Acusações diretas e promessa de apuração rigorosa
O presidente foi enfático ao responsabilizar a gestão anterior: "Esse Banco Master é obra, é ovo da serpente do Bolsonaro e do Roberto Campos, ex-presidente do Banco Central". Lula prometeu investigação completa, declarando que "não deixaremos pedra sob pedra para a gente apurar tudo o que fizeram dando um roubo de 50 bilhões nesse país". Ele alertou ainda sobre possíveis tentativas de inverter as responsabilidades: "Se a gente não tomar cuidado, vão tentar dizer que somos nós".
Contexto histórico e detalhes do caso
Lula detalhou o surgimento do banco, afirmando que "esse banco nasceu em 2019" e que "quem reconheceu em setembro de 2019 foi o Roberto Campos", referindo-se ao reconhecimento oficial da instituição. O presidente acrescentou que "todas as falcatruas foram feitas por ele", exigindo investigação profunda.

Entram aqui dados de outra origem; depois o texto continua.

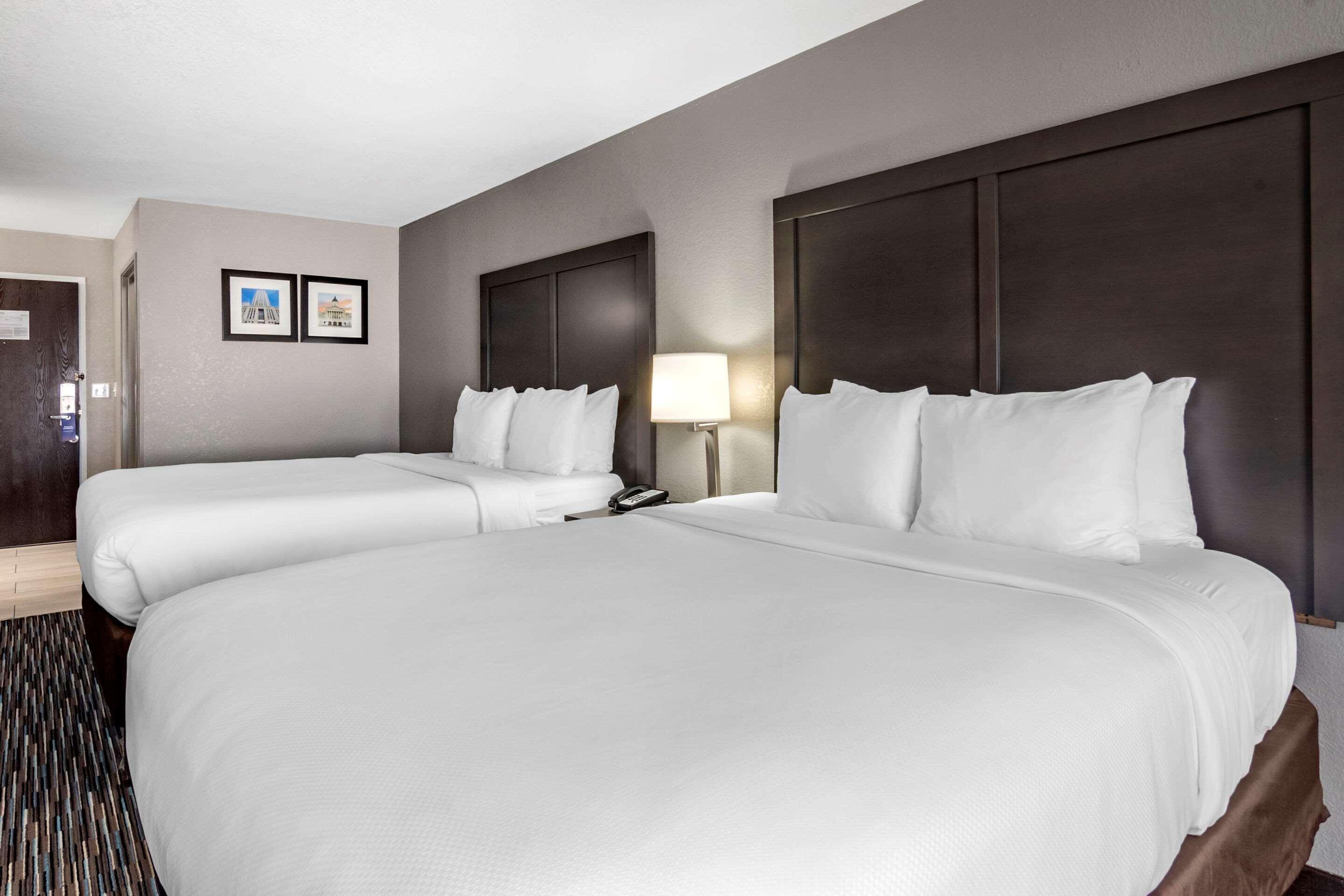 Comfort Inn & Suites Emporia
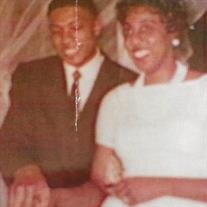 Mrs. Bessye Mae Thedford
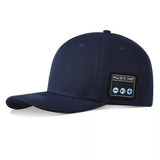 Hat With Bluetooth Speaker, Outdoor Music Baseball Cap, Headset With Mic, Handsfree Headphone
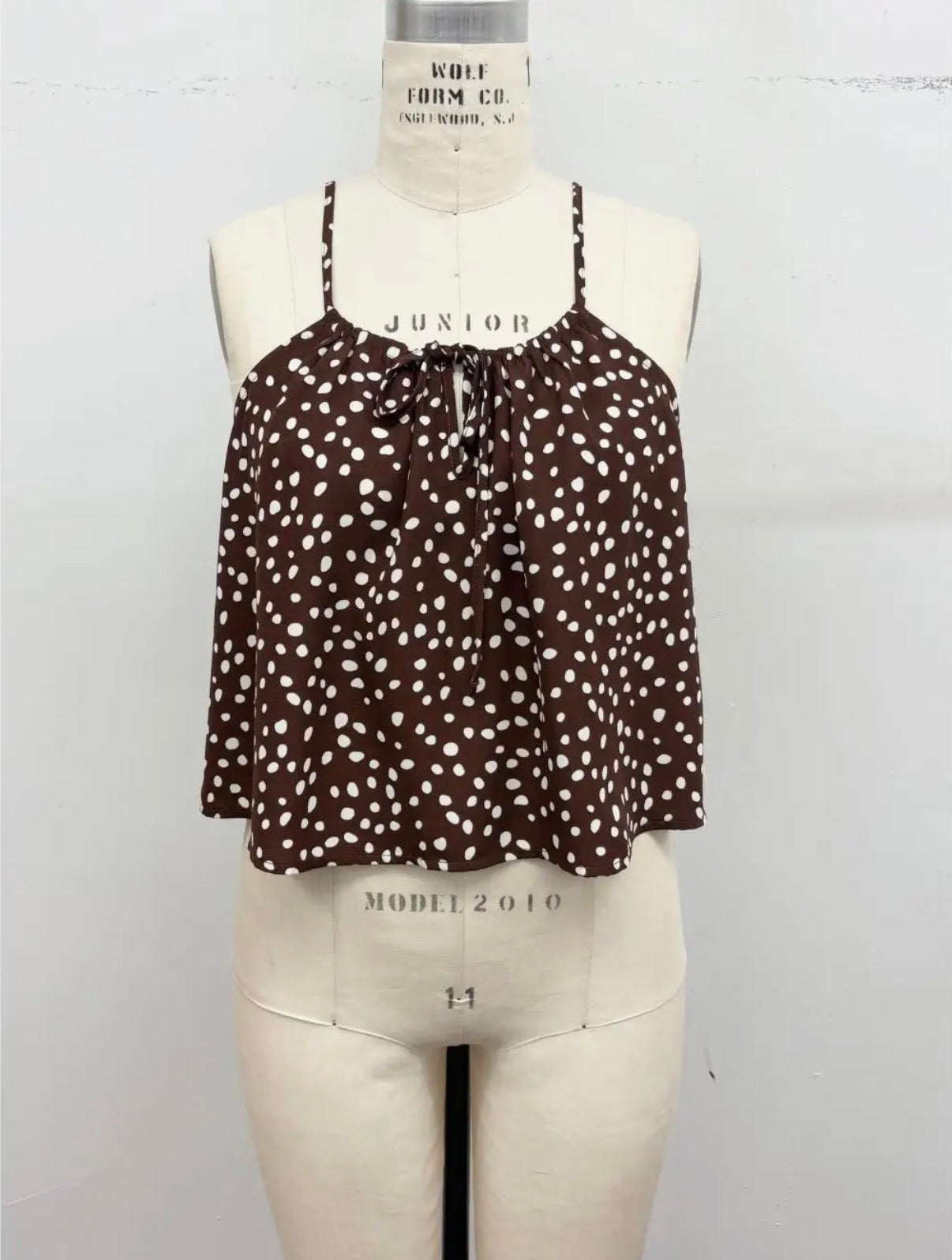 Coconut Cami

O caso Master está sendo investigado por três frentes distintas:
- Investigação sobre tentativa de compra do banco de Daniel Vorcaro pelo Banco de Brasília (BRB)
- Apuração de fraudes financeiras supostamente praticadas pelo Master através de fundos de investimentos
- Investigação sobre atuação de influencers supostamente pagos para atacar o Banco Central em redes sociais
Daniel Vorcaro, dono do Master, foi preso no início de março devido a novos desdobramentos da Operação Compliance Zero, da Polícia Federal.
Contexto político e declarações sobre eleições
Durante o mesmo evento, Lula abordou questões políticas, revelando conversa com o vice-presidente Geraldo Alckmin sobre as eleições de outubro. "Eu falei: companheiro Alckmin, o que você quer ser?", contou o presidente, acrescentando que "ficarei imensamente feliz em ter o Alckmin como vice outra vez".
No entanto, Lula ponderou sobre outras possibilidades: "Agora, eu disse que ele tem que conversar com o Haddad para saber onde a gente pode colher mais frutos dele, se ser candidato ao Senado ajuda mais". O presidente destacou que a decisão final caberá a Alckmin e Haddad, ressaltando a importância das eleições para a esquerda recuperar espaço no Senado por São Paulo, onde atualmente nenhum senador é da base governista.